Marina essayait d’oublier l’enveloppe du patron. Elle se sentait sale rien qu’en y pensant. L’argent d’Olga, lui, était propre.

Le soir, Olga arriva. Avec elle, un homme que Marina n’avait jamais vu ici. Grand, bien habillé, sûr de lui. Et quand il entra dans la cuisine, Marina resta figée.

— Vanka ?!… Pardon… Ivan Nikolaïevitch…

Il éclata de rire.

— Marina ?! Tu plaisantes ? C’est toi ?

Ils s’étaient assis à la même rangée à l’école. À l’époque, elle avait dû arrêter les cours pour bosser, lui avait fini le lycée puis les études. Le temps les avait séparés.

Ils parlèrent longtemps. Les enfants s’endormirent. Olga finit par se lever.

— Je vais vous laisser. Vous avez du retard à rattraper.

Ivan la raccompagna.

— Merci, Olga Gavrilovna. Je pense que je pourrai mettre tout ça au clair d’ici une semaine.

— Je n’en doute pas, répondit la comptable.

Quand il revint dans la cuisine, Marina était en train de ramasser les tasses.

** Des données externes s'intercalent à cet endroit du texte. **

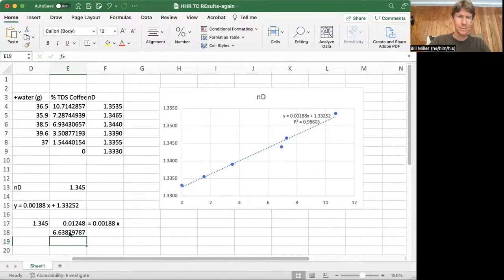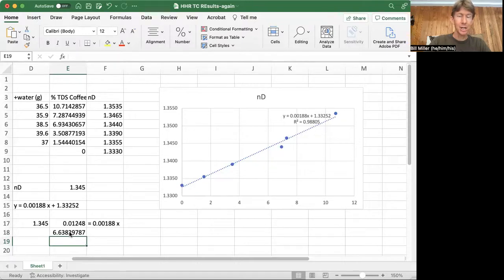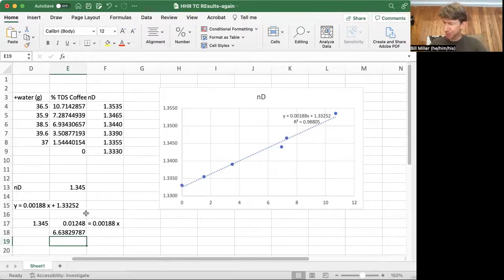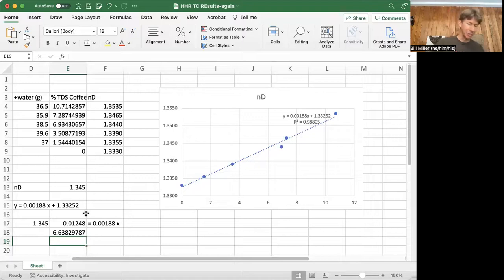So I'm going to say equals this number divided by 0.00188. Hmm, that number seems high. Oh, oh, because I typed in my answer wrong. My answer was, hold on, I got to do my coffee again.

— Alors, dit-il doucement, comment la meilleure élève en physique du collège s’est retrouvée à faire le ménage dans mon service ?

Elle rit sans joie.

— Tout de suite après l’école, j’ai été à l’usine. Puis je me suis mariée…

— Le chemin “simple”, quoi.

— Oui. Sauf que pour moi, il n’est pas si simple que ça.

— Tu avais juste peur. Tu voulais être tranquille. Tu te souviens comme tu ne voulais jamais dire “je ne comprends pas” ? Tu t’énervais, tu tapais le manuel, et tu recommençais.

— Je m’en souviens.

— Eh bien tu vas recommencer. Tu vas reprendre tes études.

— Ivan, j’ai passé l’âge…

— Personne n’a passé l’âge. Je t’aiderai. Financièrement, moralement, comme tu veux. Je suis libre, je viens de divorcer. Tu feras tes cours, et après tu reviendras, mais pas comme femme de ménage.

— Je ne sais pas si j’en suis capable.

— Tu sais ce que tu me disais quand j’avais peur d’aller au tableau ? “Vania, tu peux tout faire.” Dis-le-toi maintenant. Et donne-moi l’adresse de ton… ex. On va lui rappeler qu’on ne plante pas ses gosses.

Trois ans plus tard, dans ce même bureau, on disait “Marina Valentinovna, la directrice”. Elle aurait pu l’être plus tôt — Ivan le lui avait proposé — mais elle voulait d’abord obtenir son diplôme, même en accéléré.

Peu de gens auraient reconnu la femme de ménage d’autrefois. Sa façon de marcher, sa manière de parler, ses vêtements — tout avait changé. Mais le plus important était ailleurs : elle n’avait plus peur. Elle savait qu’elle valait quelque chose. Et qu’elle était aimée. Pas pour son balai ni pour sa docilité. Pour son caractère. Pour son cerveau. Pour son cœur.

Et son mari… c’était Ivan. Celui qui, des années plus tôt, avait déjà vu en elle ce qu’elle-même avait oublié. Celui qui n’avait jamais cru une seule seconde qu’elle était faite pour rester au bas de l’échelle.